The Amcrest 26800mAh battery pack confirmed PD mode for both iphone X, iPhone XR, Samsung S10 and works almost perfectly in mix mode for charging devices. It is totally capable and the “Almost Perfectly” is better explained below. If you’re charging devices, phones, tablets and such – it’s golden.
Charging and temperatures didn’t create any concerns. Things are gonna get hot when the charge or discharge voltage like this and the battery pack is of no exception to that. The heat doesn’t appear to bleed into the battery cell compartment area which is a very good thing and it wasn’t hot enough to hurt – but you can feel it. It’s warm to the touch.
When timing the charge from the absolutely discharged to fully charged, using a PD charger as mentioned, I was unable to obtain the full charge in 6hrs.
Simple Conclusion – I like it for the Phones and Tablets.

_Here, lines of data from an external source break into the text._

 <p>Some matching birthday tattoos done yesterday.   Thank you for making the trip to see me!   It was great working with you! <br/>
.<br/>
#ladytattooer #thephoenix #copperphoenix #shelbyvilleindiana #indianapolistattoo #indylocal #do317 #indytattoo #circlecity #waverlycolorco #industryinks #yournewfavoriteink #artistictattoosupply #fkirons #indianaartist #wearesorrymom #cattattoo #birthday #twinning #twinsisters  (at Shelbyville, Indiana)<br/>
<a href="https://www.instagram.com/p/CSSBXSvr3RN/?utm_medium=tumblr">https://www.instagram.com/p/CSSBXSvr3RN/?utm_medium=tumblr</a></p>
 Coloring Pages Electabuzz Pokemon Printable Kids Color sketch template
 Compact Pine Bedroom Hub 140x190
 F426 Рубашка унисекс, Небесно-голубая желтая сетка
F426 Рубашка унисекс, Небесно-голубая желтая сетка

Overall this pack has been used over a week and it’s seen ice skating rinks, car rides, beach trips and the backyard. It’s price does seem inline with many packs and it does offer more than most with this LED read out. This is a NON-Affiliate link to Amazon to see for yourself – https://www.amazon.com/gp/product/B08XDH5XN9/ref=ppx_yo_dt_b_asin_title_o06_s00?ie=UTF8&psc=1
Simple Caveat; Voltage Drop on Special Situations
The Amcrest battery pack cannot sustain the 5v output on the USB-A ports when connecting an additional device to the secondary USB-A port. If a device is connected to the open USB-A port – the 5v output will drop and it seems to drop below the a threshold for RasPi 4, RasPi 3, the Hak5 WiFi Pineapple Mark 5 and Mark 7. The battery pack quickly recovers, however what’s been done is the possibility of data loss or card/flash corruption. I am disappointed in this experience – the capacity of the battery pack is there. This is NOT a limit on the pack of batteries but the circuitry running the USB Voltage control and regulation. I am not sure if the circuit resets or if its just a power drop.

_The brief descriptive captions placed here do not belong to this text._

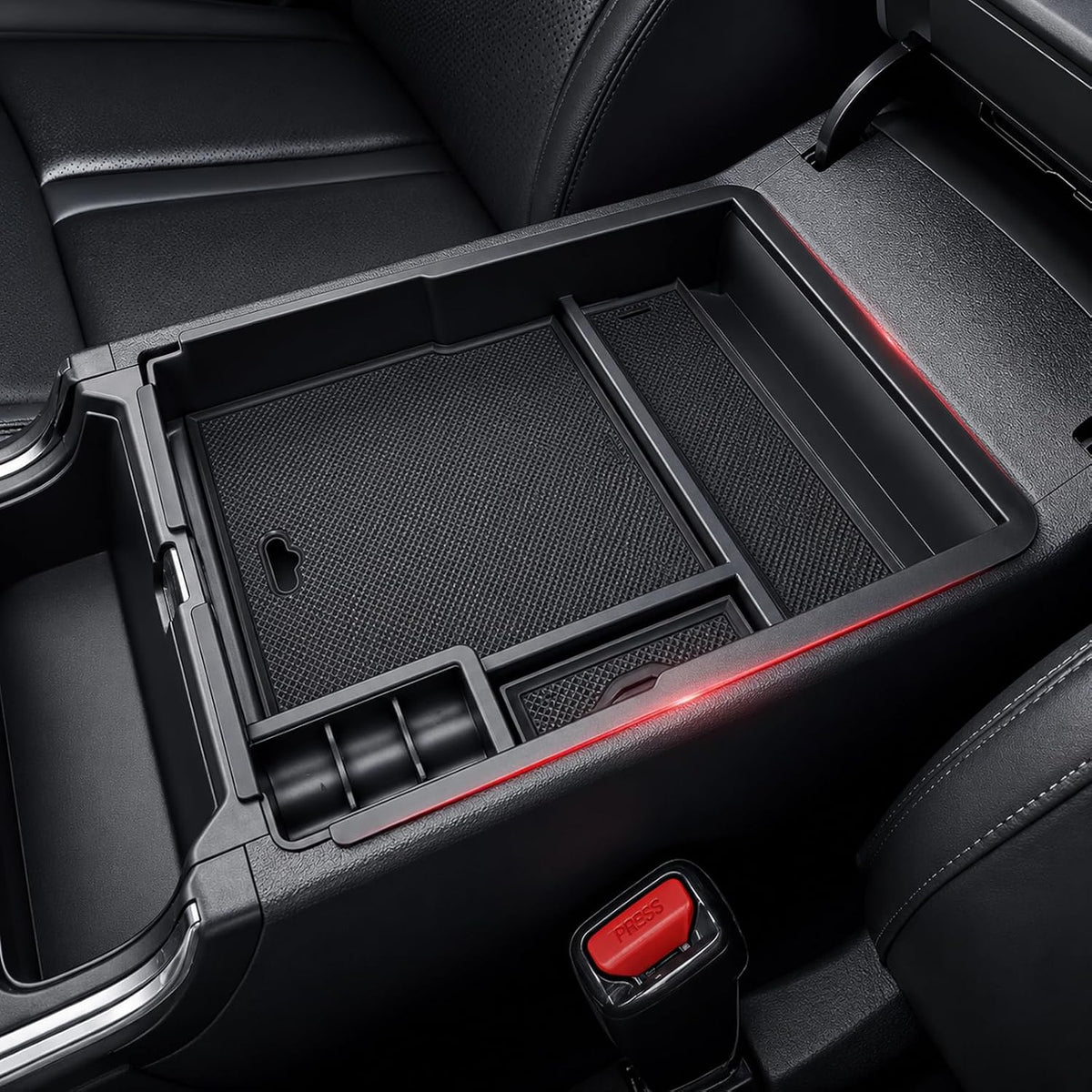 Autorder Center Console Organizer for Kia Sorento 2021-2026 Accessories Armrest Storage Box Secondary Insert Tray with 2 Color Mats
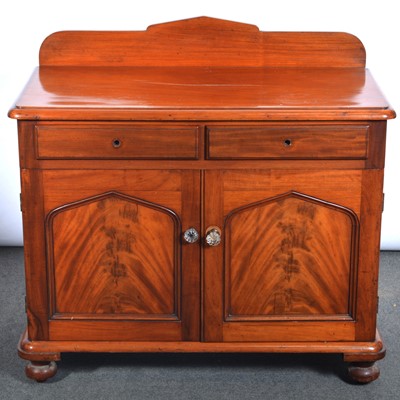 Lot 402 - Victorian mahogany cupboard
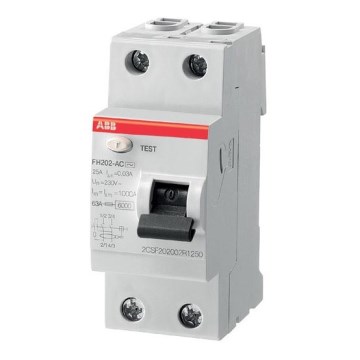 ABB 2CSF202102R1250 - Anordning för restström FH202 A-25/0,03 2-pole 25A 230V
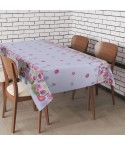Tovaglia fantasia fiorata grigio Preziosa rasatello Thango 
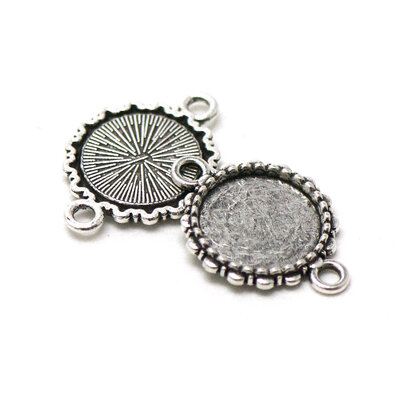004 14 mm argenté
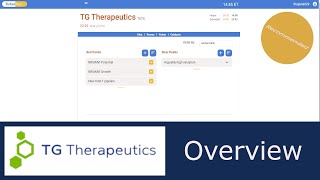 TG Therapeutics Overview  TGTX Recommended [upl. by Ettigirb]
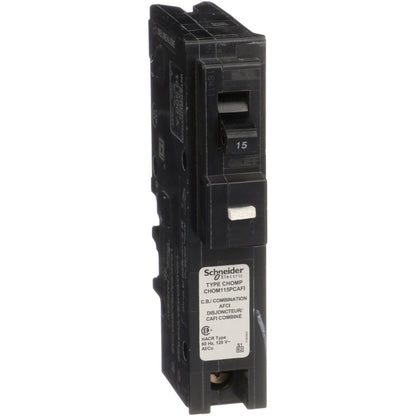 Schneider Electric CHOM115PCAFI Circuit Breaker | 120V 15A 1P 10kA@120V HOMELINE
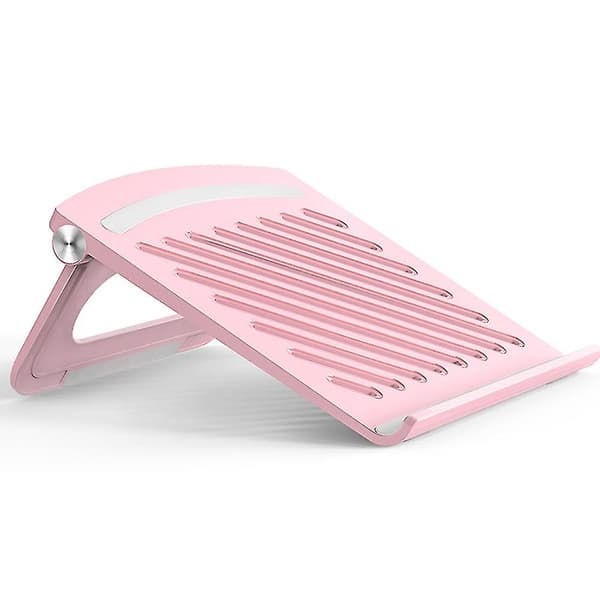 Foldbar bærbar computerstand, bærbar aluminiumscomputerstander, justerbar Pink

With that said, I originally thought I could use this battery pack to power RasP 4’s in order to continue a build out of what is called “War Driving” which is a practice of documenting WiFi Access Point Names and their GPS location. The issue is that sometimes I want to pull the MicroSD Card and swap files – that requires a power down and power up of the device and doing so would impact the other device running.
War Driving /WiFi Monitoring & Camera Batteries
The Amcrest USB C Power Bank at 26800mAh sustained solid performance on booted and remaining running devices. The Hak5 WiFi Pineapples (old and new version) worked perfectly with the battery pack as long I plugged them in and left them plugged in.
The Amcrest USB C Power Bank at 26800mAh also kept up with the power requirements for the RasPi’s as long as they remained running and weren’t unplugged.
Finally, in an unexpected twist – I had forgotten to charge batteries for my camera. While this might just be the least expected use of this Amcrest USB C Power Bank at 26800mAh it did indeed get the batteries charged in time to be able to take some photos. In a 35 min drive it got the camera batteries which were very low to a significant charge in time to get some use out of the camera.
After another week or two of use I will come back and update this page with any other tests or scenarios I had to use this pack for – however for now – its the top use battery pack in the travel bin for then we hit the road or head to the beach to keep things charged and running.